Since Li² successfully improved the accuracy of target tracking by using Siamese networks, which extract features from two identical branching networks, this Siamese network has been widely applied in the design of RGB-THERMAL target tracking^6,7,8,9 and¹⁰. all demonstrate that Siamese networks can effectively improve the accuracy and success rate of target tracking. In this study, we recommend the twin network for RGB-THERMAL fusion tracking, primarily for the tracking network's stability consideration.

In recent years, several different RGB-THERMAL tracking techniques have been introduced. Xingchen Zhang et al.³ employed a fully convolutional network and multilayer feature fusion to enhance thermal tracking performance. Guo et al.⁴ utilized a deep network model and combined RGB and thermal heat score maps to increase tracking speed. Zhu⁵ proposed a novel concept that emphasizes the importance of layers capturing key features and combined the separately collected layers to produce better prediction results.

The mentioned RGB-T trackers and many advanced RGB-T models^11,12,13,14 are inspired by the Siam RPN⁸ model, which primarily involves predefining anchor frames of different sizes^6,9 that each sample must match, leading to increased computation and processing time. These anchor frames are artificially designed and have a significant impact on the effectiveness of the tracking model, requiring a considerable amount of manual intervention during the experimental process. How to enable network models to learn autonomously without human intervention is also a current direction of development in artificial intelligence.

Currently, Siamese networks are widely used in advanced RGBT tracking algorithms. Siamese networks typically perform correlation operations on image features extracted from the target template and search region, and determine their similarity based on the similarity score. The target object is considered successfully tracked if the similarity score is high. However, correlation operations, which involve convolving two feature maps, may result in significant information loss, leading to a low success rate in target tracking.

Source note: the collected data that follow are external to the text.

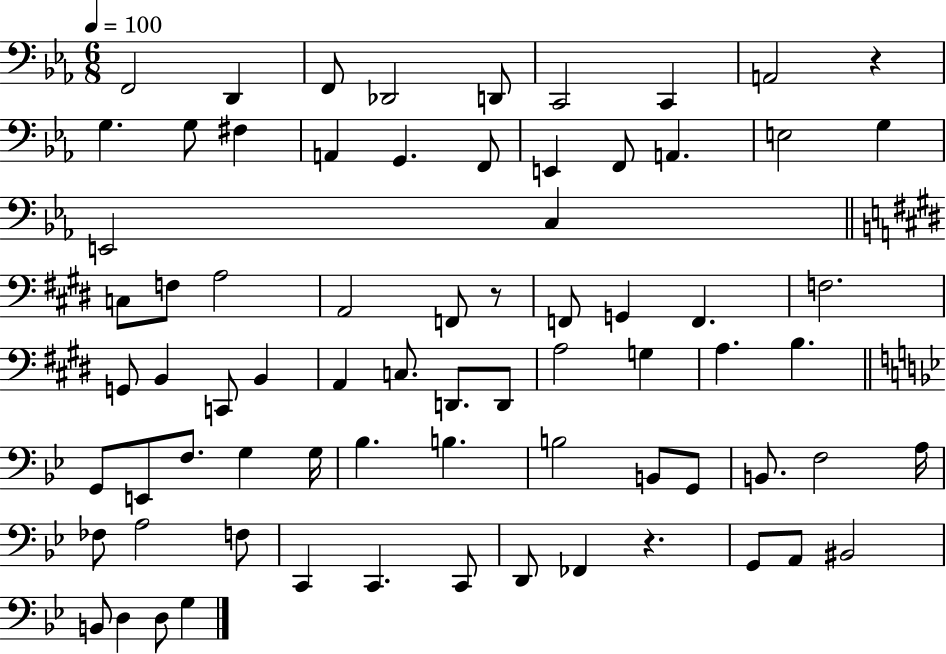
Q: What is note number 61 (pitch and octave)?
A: C2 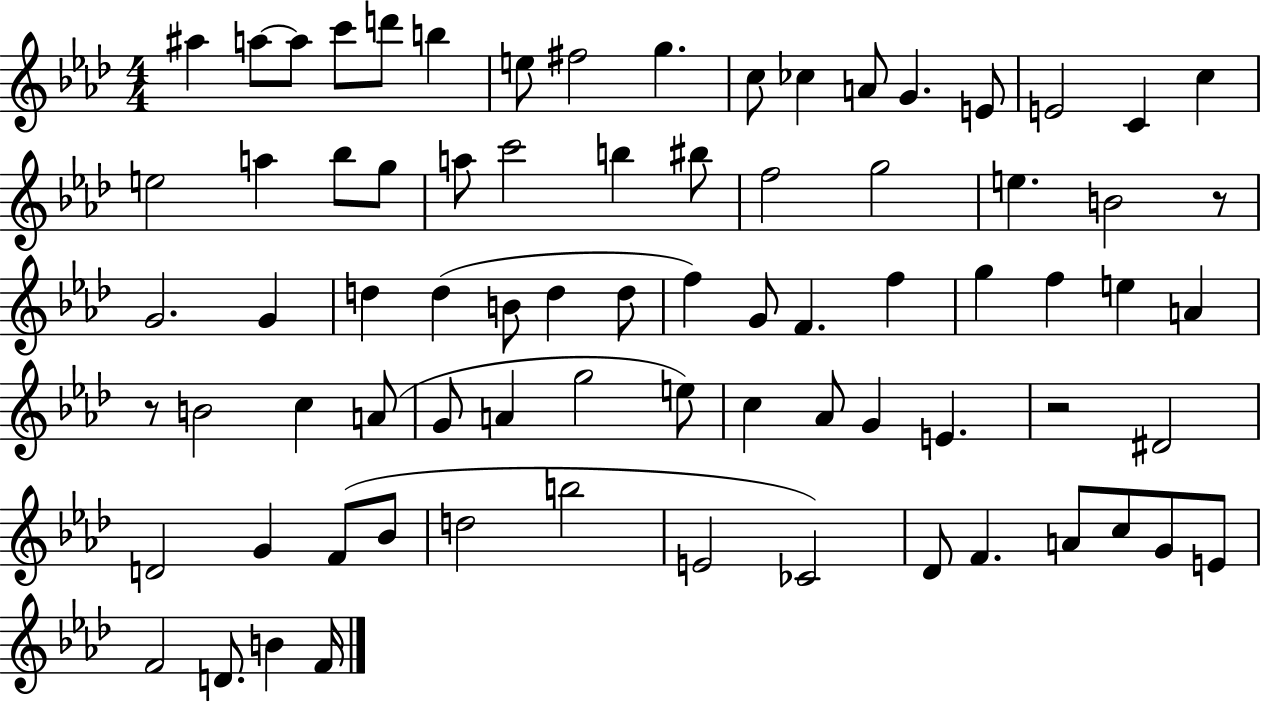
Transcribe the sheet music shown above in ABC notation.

X:1
T:Untitled
M:4/4
L:1/4
K:Ab
^a a/2 a/2 c'/2 d'/2 b e/2 ^f2 g c/2 _c A/2 G E/2 E2 C c e2 a _b/2 g/2 a/2 c'2 b ^b/2 f2 g2 e B2 z/2 G2 G d d B/2 d d/2 f G/2 F f g f e A z/2 B2 c A/2 G/2 A g2 e/2 c _A/2 G E z2 ^D2 D2 G F/2 _B/2 d2 b2 E2 _C2 _D/2 F A/2 c/2 G/2 E/2 F2 D/2 B F/4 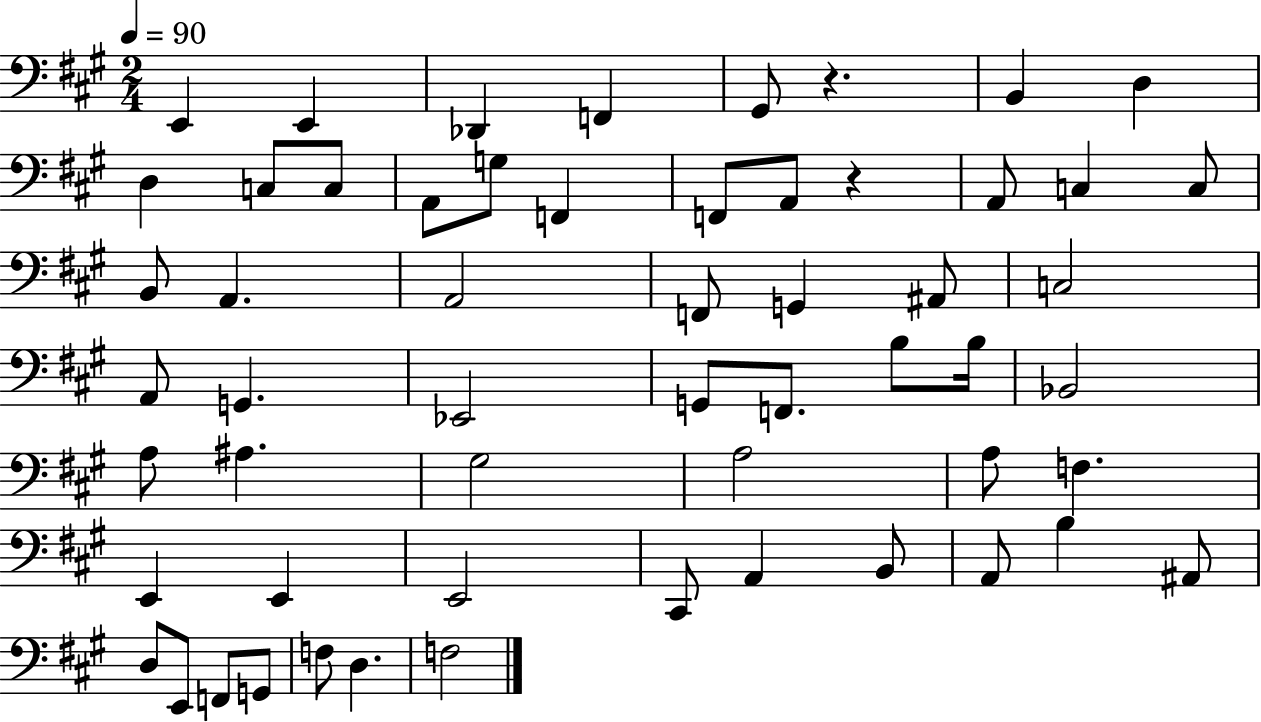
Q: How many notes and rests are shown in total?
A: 57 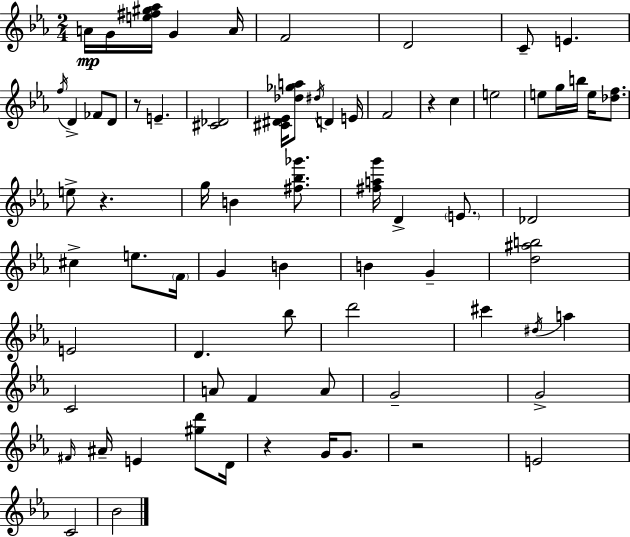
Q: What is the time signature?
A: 2/4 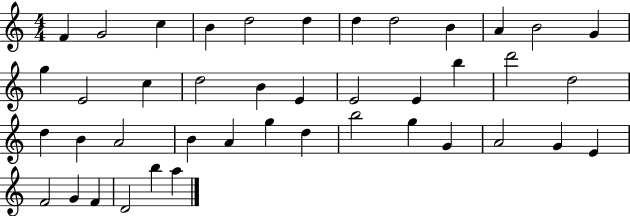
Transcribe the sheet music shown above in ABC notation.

X:1
T:Untitled
M:4/4
L:1/4
K:C
F G2 c B d2 d d d2 B A B2 G g E2 c d2 B E E2 E b d'2 d2 d B A2 B A g d b2 g G A2 G E F2 G F D2 b a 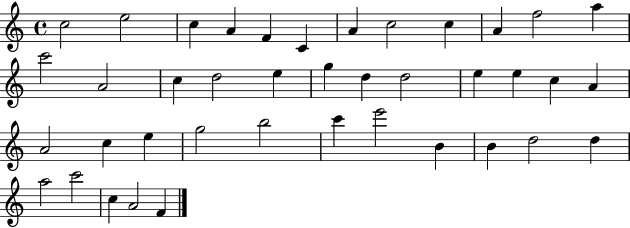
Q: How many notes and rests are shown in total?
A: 40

Recently, in the field of RGB-based target tracking, many researchers have incorporated Transformer technology into the design of tracking algorithms and achieved promising results. However, there are few studies that apply Transformer technology to RGBT-based target tracking, and the accuracy and success rate of RGBT trackers using Transformer are not high. Inspired by the application of Transformer in target tracking, we aim to design a new model with a Transformer framework to improve the accuracy and success rate of RGBT target tracking.

This study proposes an end-to-end trainable tracker based on Transformer for robust RGBT tracking. Firstly, we extract features from RGB and thermal infrared images separately. Then, we employ spatial and channel attention modules to enhance these features and improve the resolution of fused features, effectively reducing the discrepancies between modality features and eliminating background interference. Finally, by fusing these image features, we obtain a response map through our newly designed Transformer module. Our novel model predicts the target's position and bounding box using only one response map. In summary, our main contributions include:

1)
We designed an end-to-end offline tracking training model by using convolutional neural networks. Previous RGBT designs have been anchor-based; in this case, our model is anchor-free, which does not depend on pre-defined boxes and can be trained on well-annotated datasets and achieve good results.
2)
We have designed a new Transformer module specifically for RGBT target tracking. Experimental results demonstrate that the use of this module significantly improves the accuracy and success rate of target tracking. Our designed tracker takes into account the contributions of both RGB and TIR modes in modeling the target. It effectively utilizes the feature information to enhance the robustness of the model.
3)
We conducted an in-depth analysis of the GTOT, GBT210, and RGBT234 datasets. The results show that our proposed method exhibits some gaps when compared to the latest supervised RGBT algorithms. However, our tracker demonstrates highly competitive performance in many aspects.

Proposed method

Figure 1 depicts the overall frame construction. We outline each part of our technique separately in this section.

Backbone

As shown in Fig. 1 as the input of 4 images, our input consists of a visible light branch and a thermal infrared branch. The target branch in turn contains visible input Z1 and thermal infrared input Z2, and the search area branch is divided into visible input X1 and thermal infrared input X2. Since it is a Siamese model, both the visible and thermal infrared branches use the same ResNet50 model to extract feature maps. After backbone network feature extraction, the visible branch will get feature maps $\varphi (Z1)$ and feature maps $\varphi (X1)$,and the thermal infrared branch will get feature maps $\varphi (Z2)$ and feature maps $\varphi (X2)$. Then, we obtain the feature maps $\varphi (Z1)$,$\varphi (X1)$,$\varphi (Z2)$,and $\varphi (X2)$, where a portion is directly fed as input to the Transformer module for the next step of computation, while another portion is enhanced by passing through the SA and CA modules to augment the feature maps before being transmitted to the Transformer module for further computation.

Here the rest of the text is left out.